The `tlt-infer` tool produces two outputs. 
1. Overlain images in `$USER_EXPERIMENT_DIR/tlt_infer_testing/images_annotated`
2. Frame by frame bbox labels in kitti format located in `$USER_EXPERIMENT_DIR/tlt_infer_testing/labels`

*Note: To run inferences for a single image, simple replace the path to the -i flag in `tlt-infer` command with the path to the image.

In [None]:
# Simple grid visualizer
import matplotlib.pyplot as plt
import os
from math import ceil
valid_image_ext = ['.jpg', '.png', '.jpeg', '.ppm']
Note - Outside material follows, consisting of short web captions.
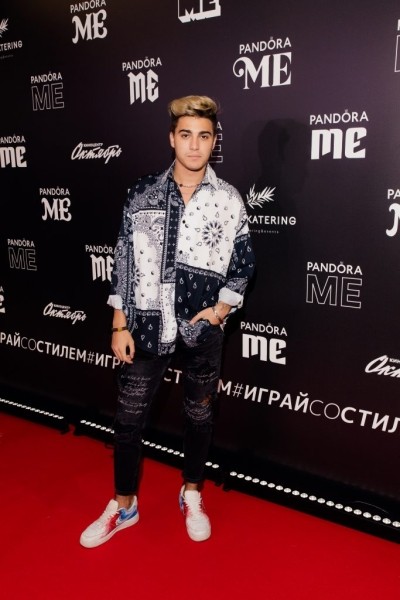 Дух свободы и дерзости поколения Z: Ян Гэ, Ваня Дмитриенко, Самира Мустафаев на премьере новой коллекции Pandora Me Дух свободы и дерзости поколения Z: Ян Гэ, Ваня Дмитриенко, Самира Мустафаев на премьере новой коллекции Pandora Me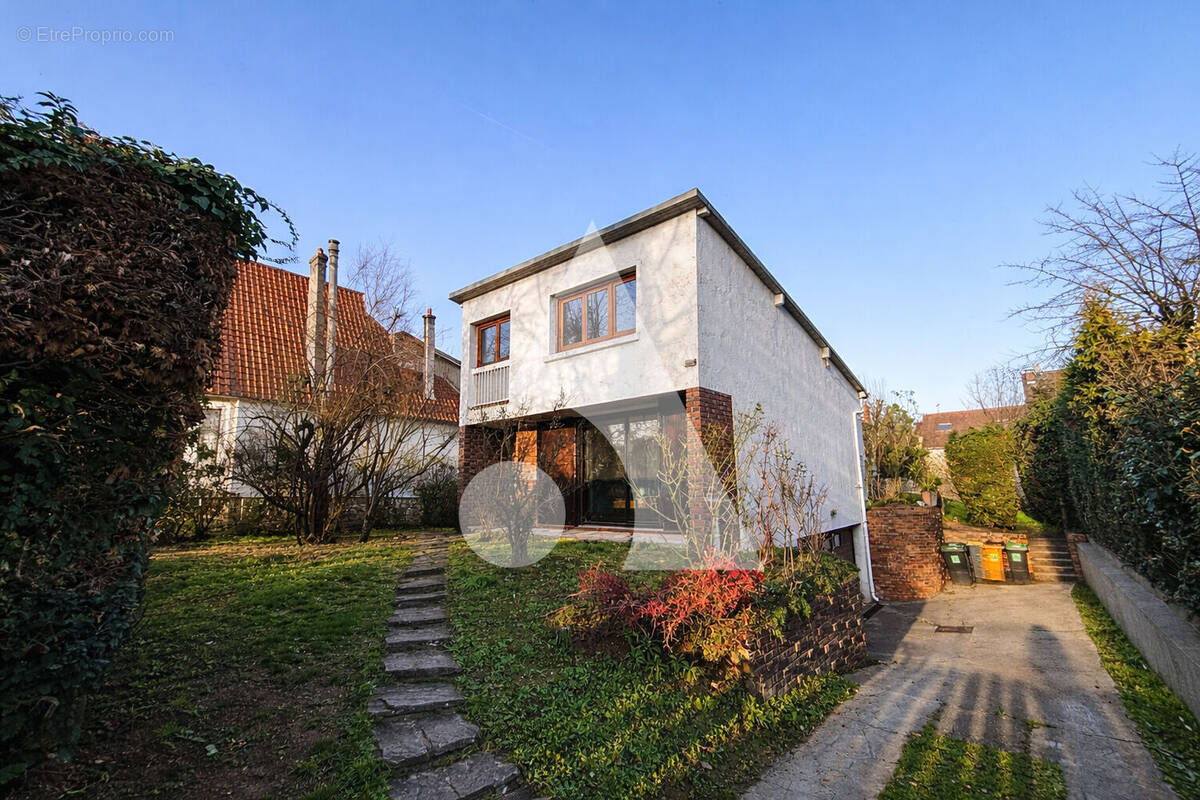 Maison à SOISY-SOUS-MONTMORENCY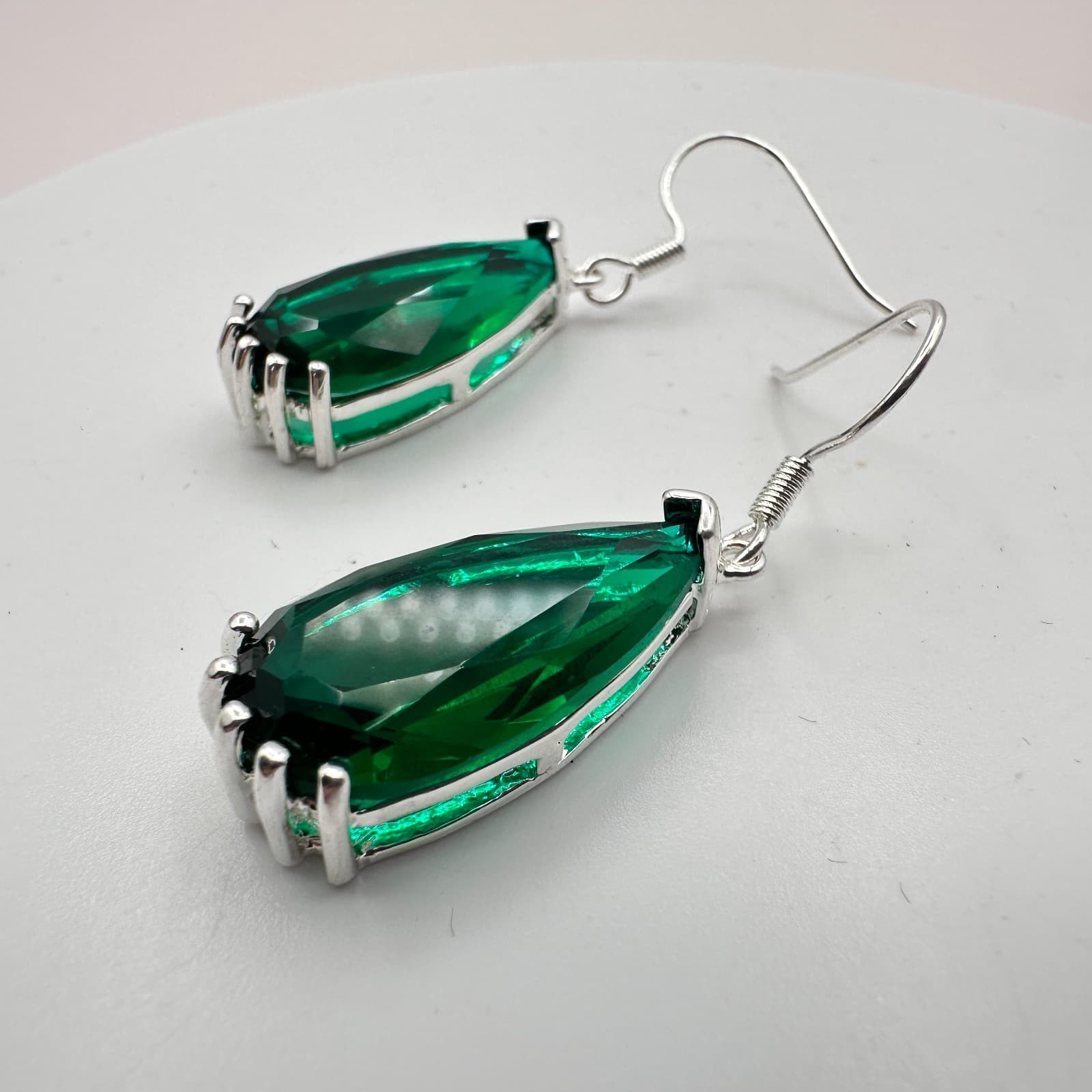 Vintage 80s Silver Tone Emerald Green Teardrop Dangle Earrings Women's Jewelry - Thumbnail 4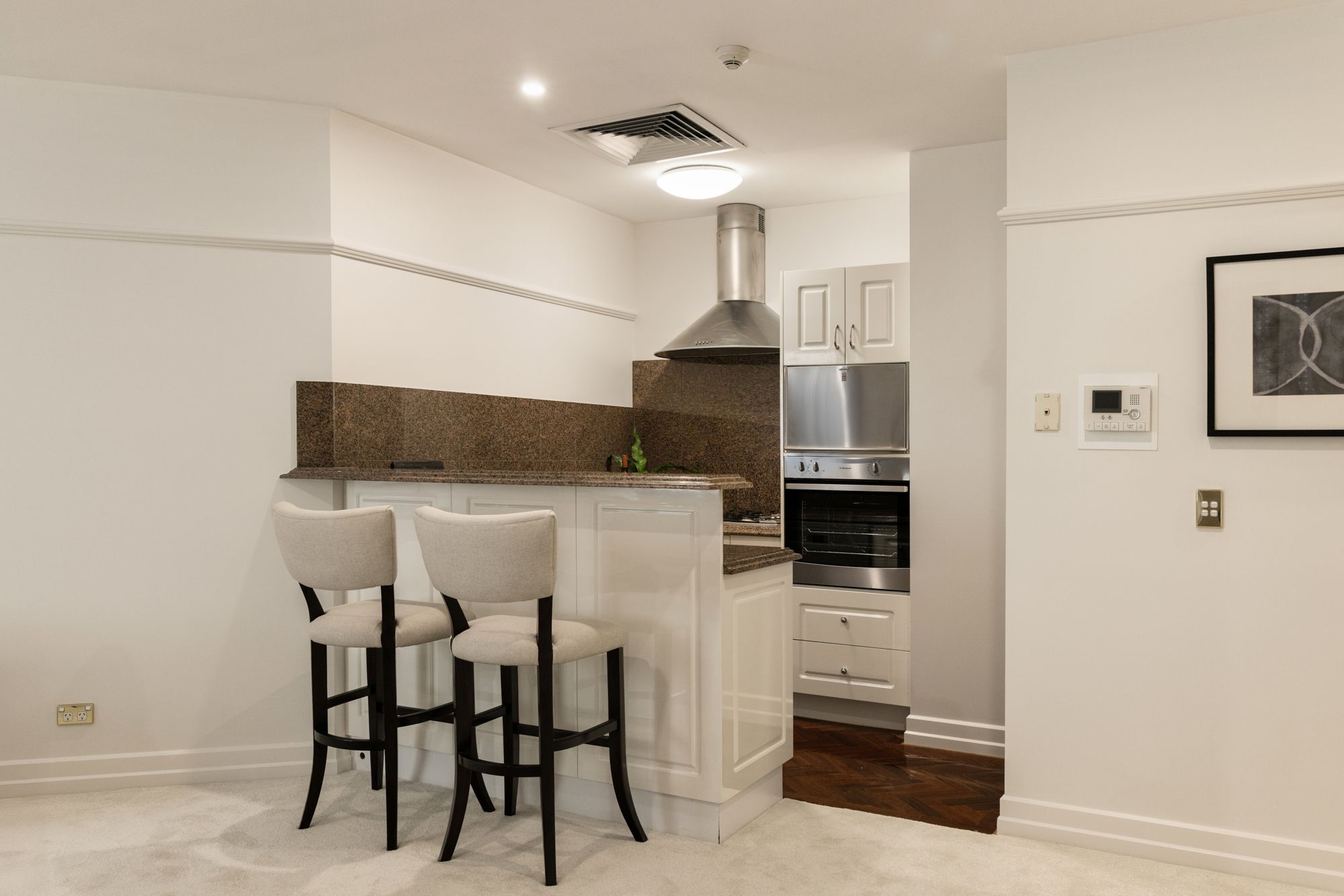 18/208 Adelaide Street — photo 5 of 15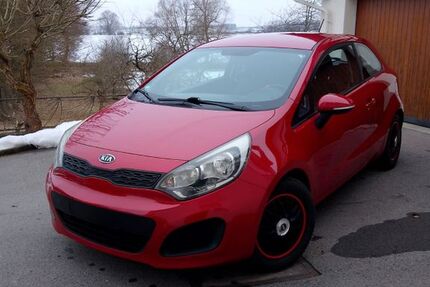 Kia Rio 172.000 km 3.500 &euro; Münnerstadt 97702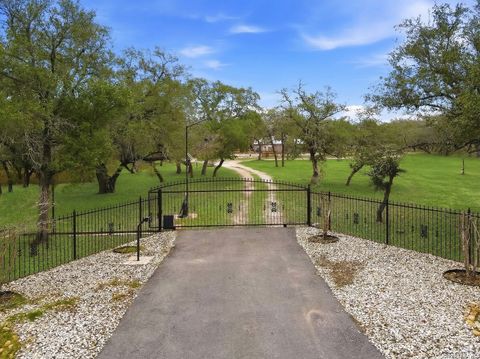 561 County Road 785 Natalia TX 78059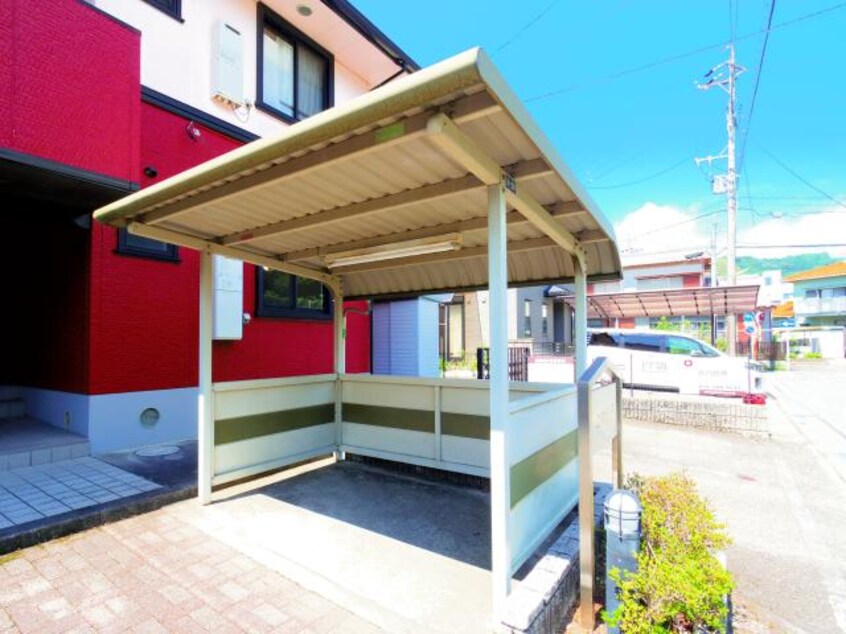  東海道本線/静岡駅 バス19分記念碑前下車:停歩3分 1階 築28年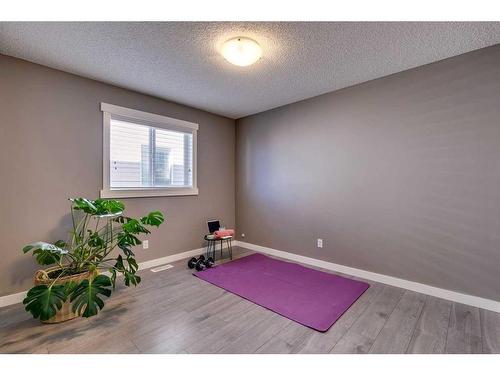 56 Elgin Meadows Link Se, Calgary, AB - Indoor Photo Showing Other Room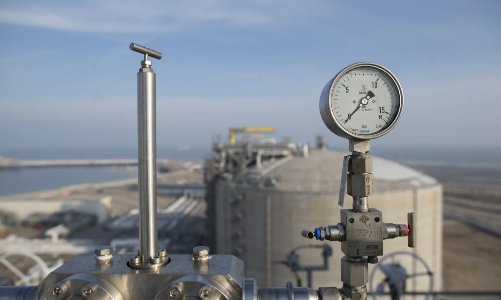 Giá dầu thô và khí đốt ở châu Âu tăng dữ dội sau khi nhà máy LNG của Qatar bị tấn công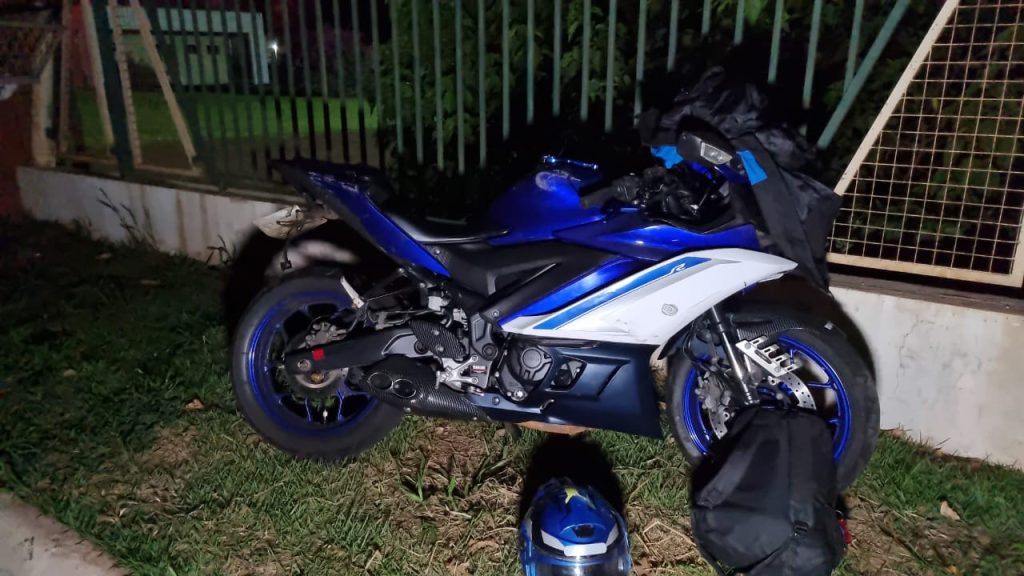 Batida entre moto e caminhão é registrada na BR 369 em Cascavel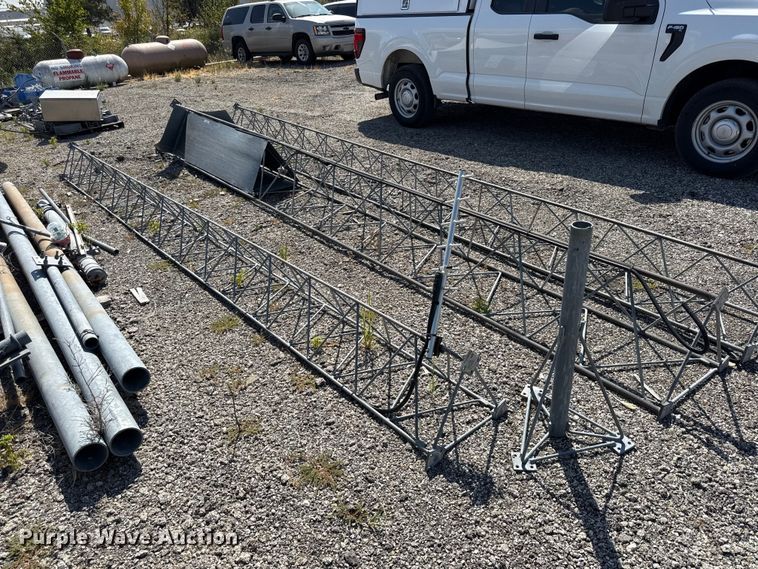 image for item EV6148 (3) 20' tower sections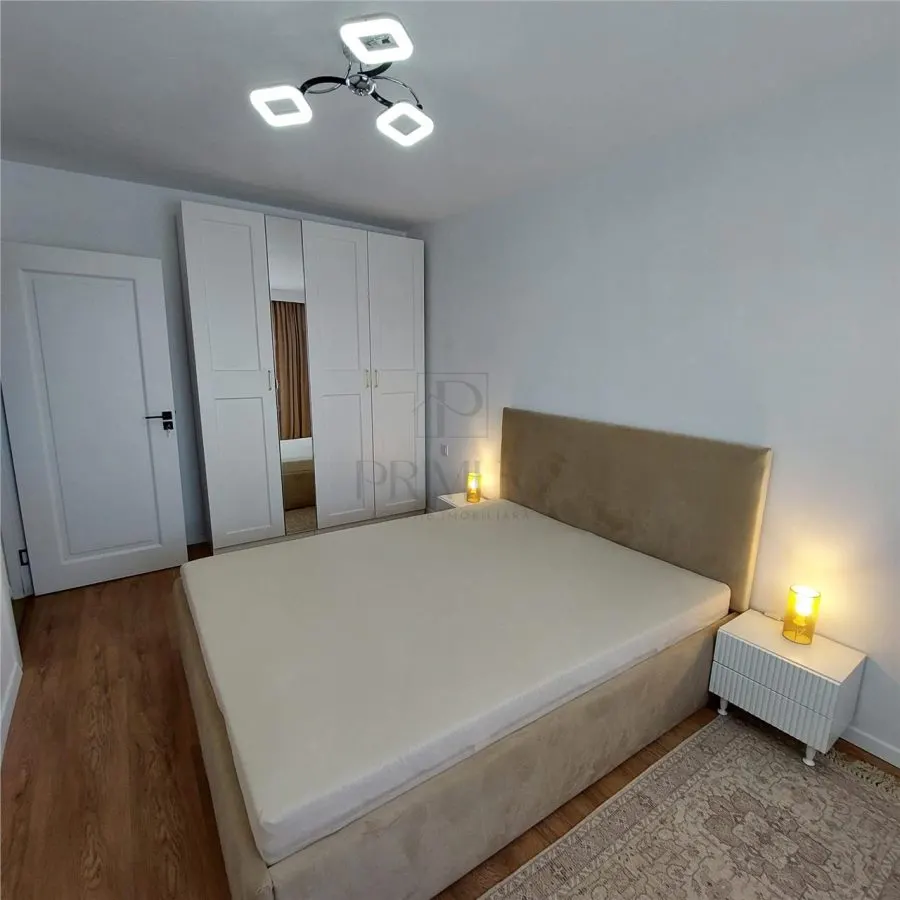 Apartament 3 camere | Central | 75 mp | Complet renovat | Totul nou | 2 Bai | Etaj 8 - foto 1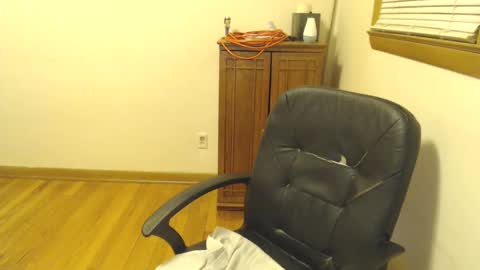 shyguy19755 online show from January 2025 03:28:02 AM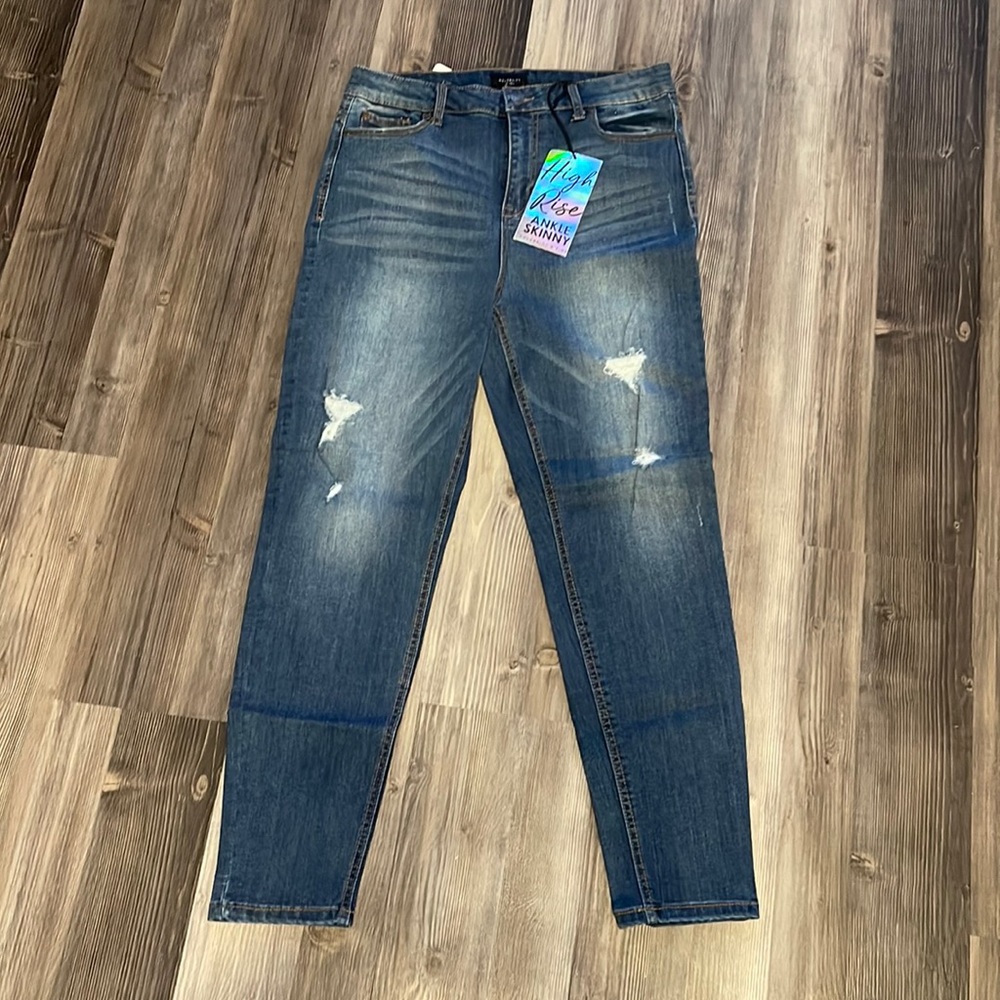 Celebrity Pink high rise ankle skinny size 13/31 NWT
def visualize_images(image_dir, num_cols=4, num_images=10):
    output_path = os.path.join(os.environ['USER_EXPERIMENT_DIR'], image_dir)
    num_rows = int(ceil(float(num_images) / float(num_cols)))
    f, axarr = plt.subplots(num_rows, num_cols, figsize=[80,30])
    f.tight_layout()
    a = [os.path.join(output_path, image) for image in os.listdir(output_path) 
         if os.path.splitext(image)[1].lower() in valid_image_ext]
    for idx, img_path in enumerate(a[:num_images]):
        col_id = idx % num_cols
        row_id = idx / num_cols
        img = plt.imread(img_path)
        axarr[row_id, col_id].imshow(img) 

In [None]:
# Visualizing the first 12 images.
OUTPUT_PATH = 'tlt_infer_testing/images_annotated' # relative path from $USER_EXPERIMENT_DIR.
COLS = 4 # number of columns in the visualizer grid.
IMAGES = 12 # number of images to visualize.

visualize_images(OUTPUT_PATH, num_cols=COLS, num_images=IMAGES)

## 10. Deploy! <a class="anchor" id="head-10"></a>

In [None]:
!tlt-export $USER_EXPERIMENT_DIR/experiment_dir_retrain/weights/resnet18_detector_pruned.tlt \
            -o $USER_EXPERIMENT_DIR/experiment_dir_final/resnet18_detector.etlt \
            --outputs output_cov/Sigmoid,output_bbox/BiasAdd \
            --enc_key $API_KEY \
            --input_dims 3,320,496 \
            --max_workspace_size 1100000

In [None]:
print('Exported model:')
print('------------')
!ls -lh $USER_EXPERIMENT_DIR/experiment_dir_final